**Information supplied**

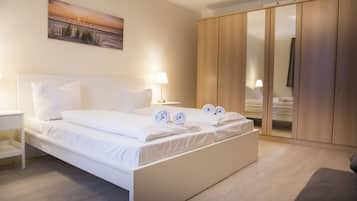 Ein Hotelzimmer mit einem großen Bett, einem Nachttisch, einer Lampe, einem Kleiderschrank und einem Gemälde an der Wand.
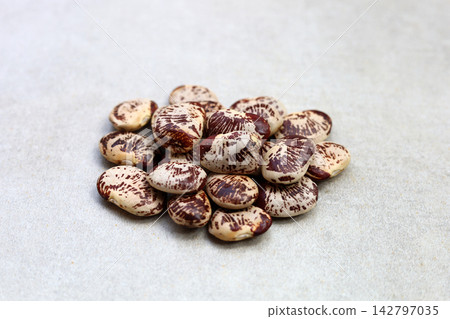 Raw lima beans on grey background. Raw lima beans on grey background. 142797035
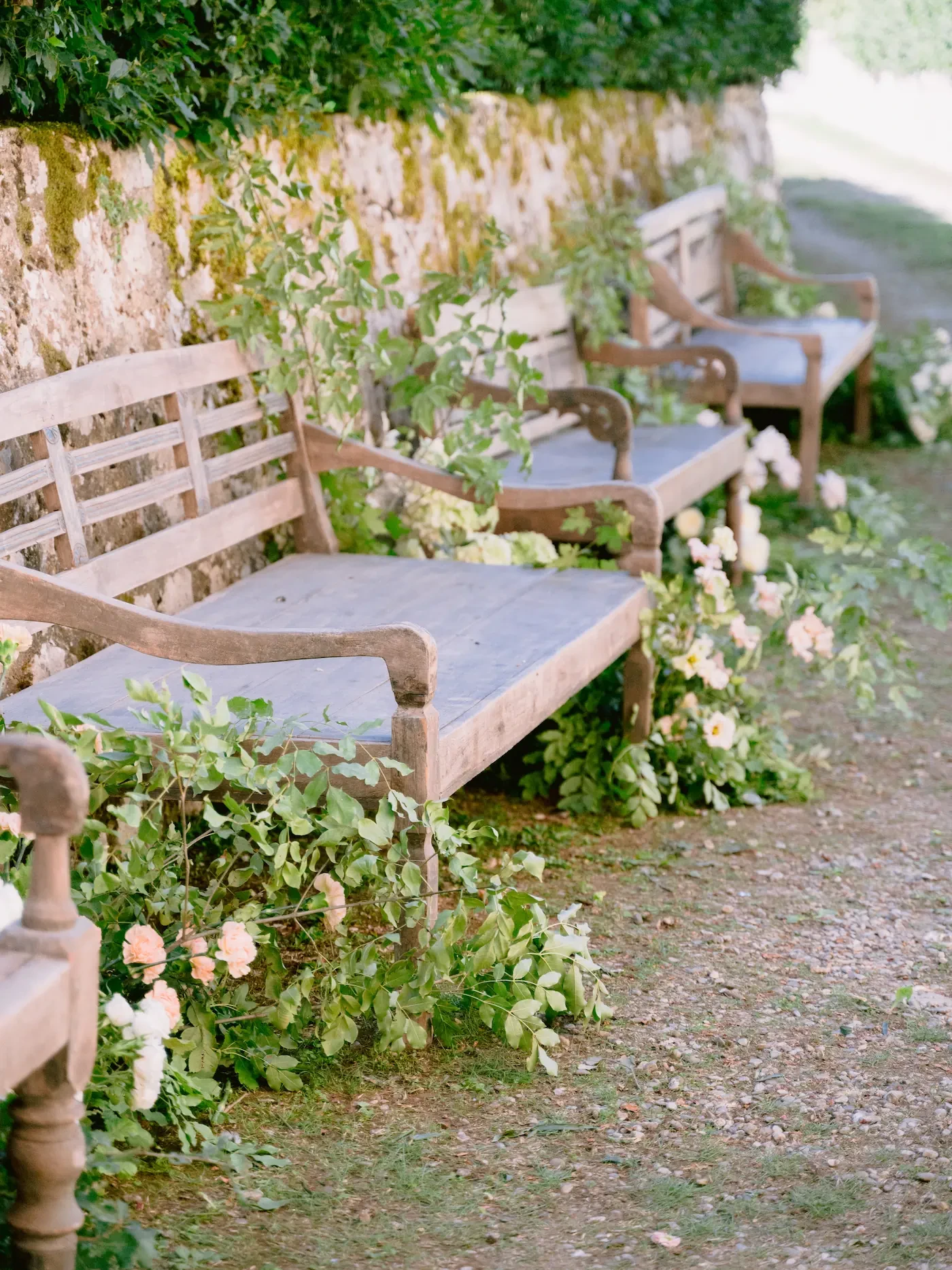 floral decorations on the outside benches of the church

**Activity**
The data must be repeated exactly. Any pictures in it are to be left out.

**Finished exercise**
 Ein Hotelzimmer mit einem großen Bett, einem Nachttisch, einer Lampe, einem Kleiderschrank und einem Gemälde an der Wand.
 Raw lima beans on grey background. Raw lima beans on grey background. 142797035
 floral decorations on the outside benches of the church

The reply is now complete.